Adobe’s Fresco painting app for the iPad launches today


Adobe’s newest painting and illustration app for the iPad, Fresco, is launching on the App Store today. The app is free for Creative Cloud subscribers, and non-subscribers can download a free version that has most of the same features, but lacks some brushes and limits the file export size to iPad screen resolution (so that means no high-res files). There’s also an option to buy a standalone version of the app for $9.99 a month, which comes with the first six months for free if you purchase before December 31st, 2019. However, any new features added to the app later will only be available to users with a Creative Cloud plan.

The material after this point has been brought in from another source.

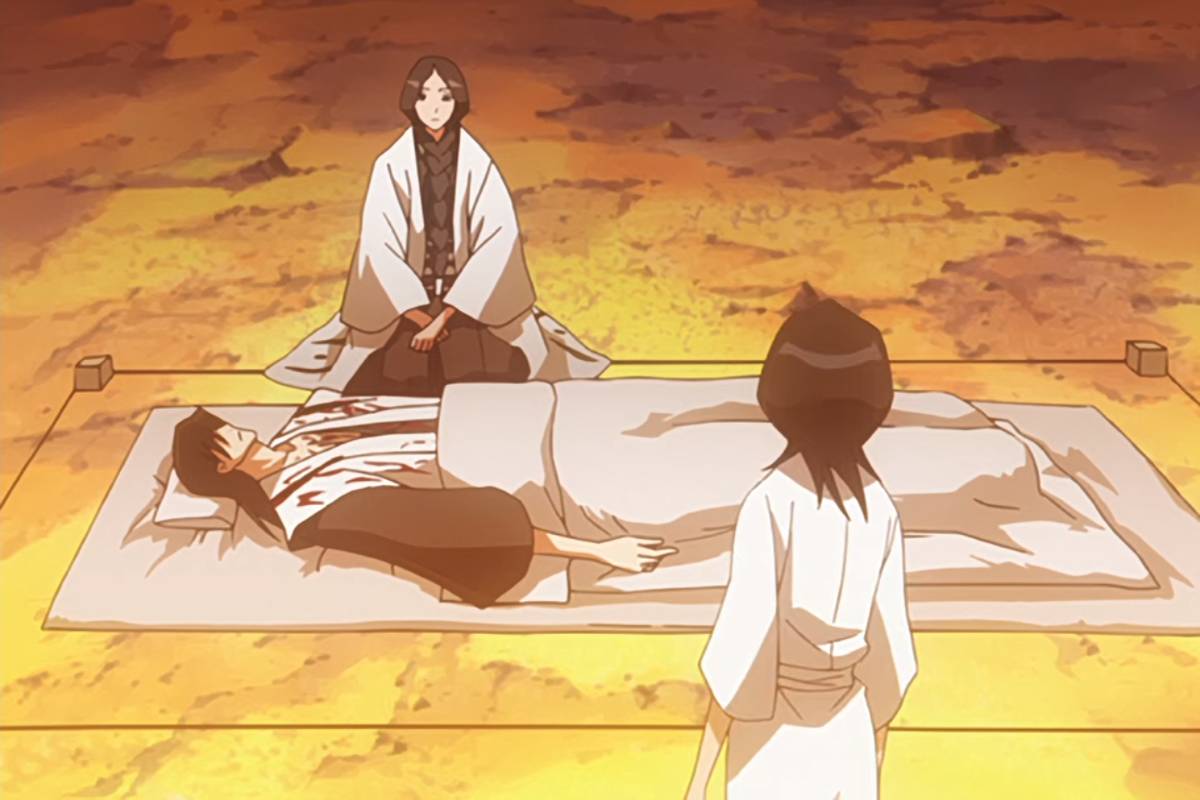 Unohana mengobati Byakuya. 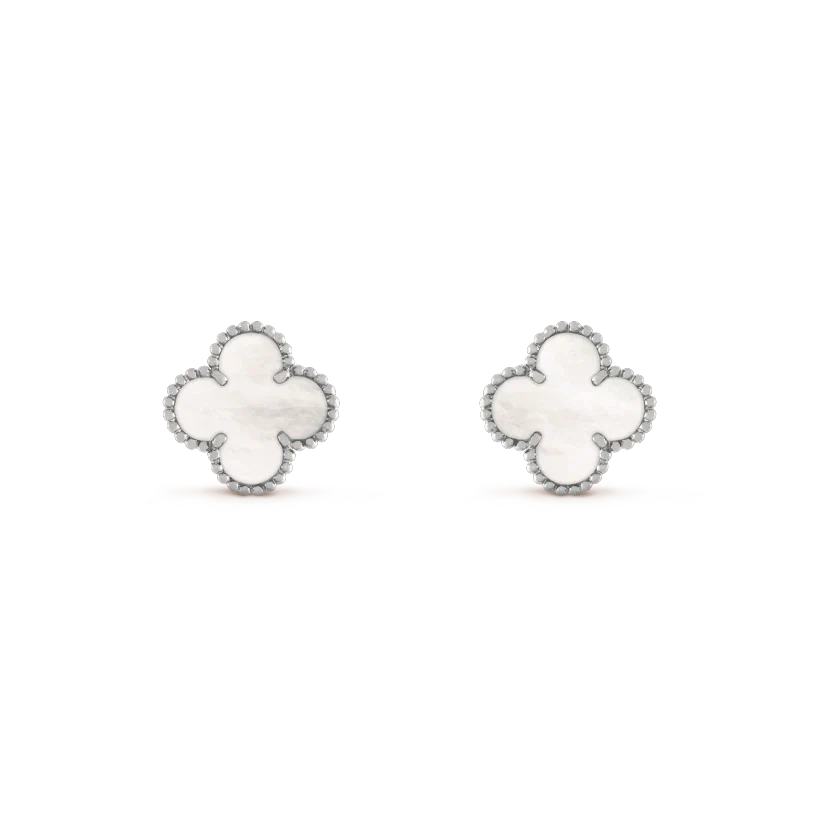 [Rose Jewelrys]CLOVER MEDIUM 1 MOTIFS  WHITE MOP EARRINGS SILVER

The blog post announcing the release is written by artist Kyle T. Webster, whose custom Photoshop brushes were so indispensable that Adobe hired him and incorporated his brushes as part of a Creative Cloud membership. Webster runs through the various kinds of art you can create with different brushes — starting with Live Brushes, which are the oil and watercolor brushes that use Adobe’s AI platform, Sensei, to recreate lifelike brush strokes. If you’re using oil paints, depending on the amount of pressure you put on your Apple Pencil, the app can display the texture of the canvas showing through the paint, or show the brush marks and definition of the amount of paint applied. For watercolors, the colors can bloom and bleed into one another.

Fresco will also let users import Photoshop brushes, which is a feature that rival illustration app Procreate (notably a one-time purchase of $10) has announced it will bring to an upcoming version. However, the two apps each have core features the other does not: Adobe Fresco will have a leg up on Procreate with its vector brush, which can create infinitely scalable drawings and allow artists the freedom to continue working on the same file in Illustrator. Meanwhile, Procreate has a Text tool and animation features that only make it a more attractive, on-the-go option for designers, cartoonists, and animators. But whatever app artists end up choosing as their main iPad illustration app, it’s clear that the options are looking better than ever.